By Peter Burgo, Editor-in-chief for Alliance Life magazine

Make every effort to keep the unity of the Spirit through the bond of peace. (Ephesians 4:3)

Today we find ourselves in one of the most divisive chapters of our nation’s recent history. Polarized views on racial justice and law enforcement have caused upheaval in our communities; differences of opinion on social distancing and mask-wearing have pitted neighbor against neighbor; and today’s political climate has banished politician and citizen alike from common ground to opposing bases on a variety of potentially divisive issues.

As I’m sure we’ve all witnessed, the Church is not exempt from the conflict surrounding these realities. When our security is threatened, we tend to join the chorus of quarreling voices—protecting our own and vehemently defending our self- or mob-defined views of right and wrong behavior in the midst of calamity. In doing so, we ignore two fundamental characteristics of the Holy Spirit–yielding church: unity and peace.

In Walking in the Spirit, A. B. Simpson writes, “The Church in which the Holy Ghost abides is no mere sectarian fragment, but the whole body of believers united to Christ, the Living Head . . . and though there be diversities of gifts, it is the same Spirit; differences of administrations, it is the same Lord; varieties of operations, it is the same God which worketh all in all.”

It’s OK to have differences; but if these differences undermine the divine unity imparted by the Spirit of God, we surrender our set-apartedness. We take on the characteristics of our combative society—its infighting, intolerance, criticisms, and demands. We reinforce the unbelieving world’s perception that the Church is hypocritical, judgmental, and known more for what it is against than what it is for.
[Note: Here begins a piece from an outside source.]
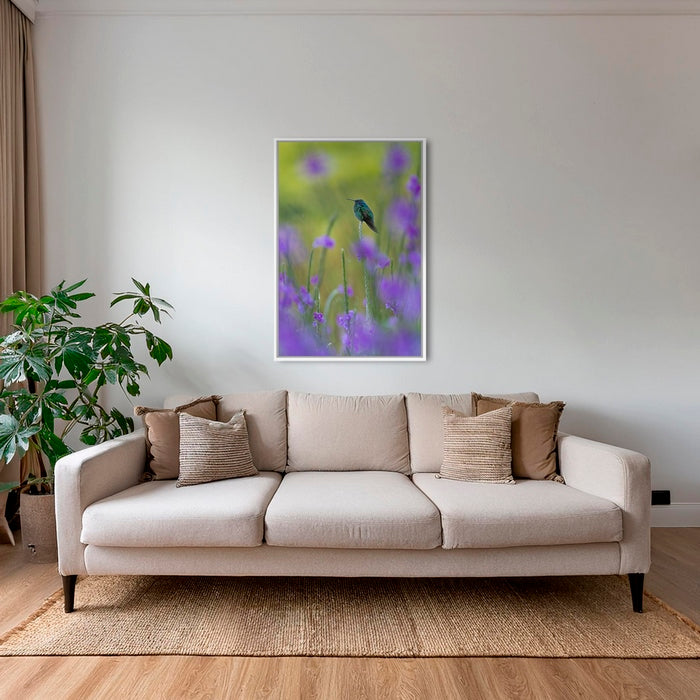 Colibri en peinture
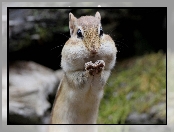 Chipmunk, Łapki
On the issue of peace, Simpson continues,

“The earliest symbol of the Holy Spirit is the dove . . . It is the same typical figure that we meet again as the emblem of peace and gentleness, and the herald of the morning of the new world in the dark and stormy night of the deluge. It is the same blessed person, who, on the banks of the Jordan, descended in visible form like a dove, and abode upon the Lord Jesus, the herald of peace and love to a sinful world, and the emblem of the Spirit of Christ’s ministry. As the dove, the Holy Ghost is the Spirit of peace, the Giver of rest.”

Church, our divided and turbulent world needs a Spirit-united Church and our rest-Giver’s peace. In the chaos and calamity of the day, will we soothe wounds with the healing balm of Jesus—or salt them with warring refrains?